Воображение и тайная страсть толпы к сенсациям какое-то время безмолвствовали, ибо биография Чайковского казалась открытой книгой и столь же доступной всеобщему обозрению, как и обстоятельства его смерти, поскольку личность его представала — в общественном плане — ясной и лишенной загадок, в его творчестве отсутствовал заметный уклон в иррациональность, и трагизм его произведений никакие увязывался с известными фактами его личной жизни. Очевидность не есть доказательство — Гоголь, как известно, умер при свете дня, и факт этот засвидетельствован медиками. Но легенда о том, что писателя положили в гроб живым, тем не менее родилась. Понятно, что подобная идея отлично сочеталась с автором «Вия» и «Страшной мести», но при любых обстоятельствах нечто подобное было б вряд ли возможно связать с именами, скажем, Герцена, Чехова или Владимира Соловьева. В жизни Петра Ильича имело, однако, место неординарное и многим непонятное обстоятельство — его гомосексуальность. Вне специфической, связанной с этой формой любовных чувств субкультуры представление о ней у обычного человека, надо полагать, было туманным и сопряженным с брезгливостью или жалостью. Ассоциации, вызываемые ею, касались лишь предметов медицинских или криминальных. И это притом что присутствие в повседневной жизни достаточного количества гомосексуально ориентированных людей было фактом общеизвестным и специального интереса не вызывало: о нем не задумывались, а если и задумывались, то игнорировали или мирились с ним как с нелепостью и неизбежным, но невредным и не совсем постижимым злом.

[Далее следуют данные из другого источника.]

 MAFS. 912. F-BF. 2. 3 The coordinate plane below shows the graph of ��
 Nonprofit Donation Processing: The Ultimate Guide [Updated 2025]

Совсем иначе обстояло дело, если подобное сексуальное поведение приписывалось лицу выдающемуся, кумиру многих тысяч, обретшему не только национальную, но и мировую славу. Гомосексуальность и связанная с ней секретность волей-неволей окружали Чайковского ореолом невысказанности и значительности. «Частная жизнь его вообще была окружена каким-то туманом, дымкой таинственности», — отмечал один из современников. Известно, что слухи эти доходили как до великосветских гостиных, так и до прессы. Мы помним, как композитора расстроила заметка о консерватории в «Новом времени», где намекал ось на «амуры другого рода» во взаимоотношениях между профессорами и студентами.
Проблема эта существовала и на другом сознательном уровне, более высоком, чем путаница в голове обычного человека. Вполне возможно, что нечто похожее отразилось (хотя бы косвенно и в куда более сложной форме) в письме Льва Толстого жене сразу после смерти композитора, 27 октября 1893 года: «Мне очень жаль Чайковского, жаль, что как-то между нами, мне казалось, что-то было. Я у него был, звал его к себе, а он, кажется, б[ыл] обижен, что я не б[ыл] на Евг[ении] Он[егине]. Жаль как человека, с к[оторым] что-то б[ыло] чуть-чуть не ясно, больше еще, чем музыканта. Как это скоро, и как просто и натурально, и ненатурально, и как мне близко».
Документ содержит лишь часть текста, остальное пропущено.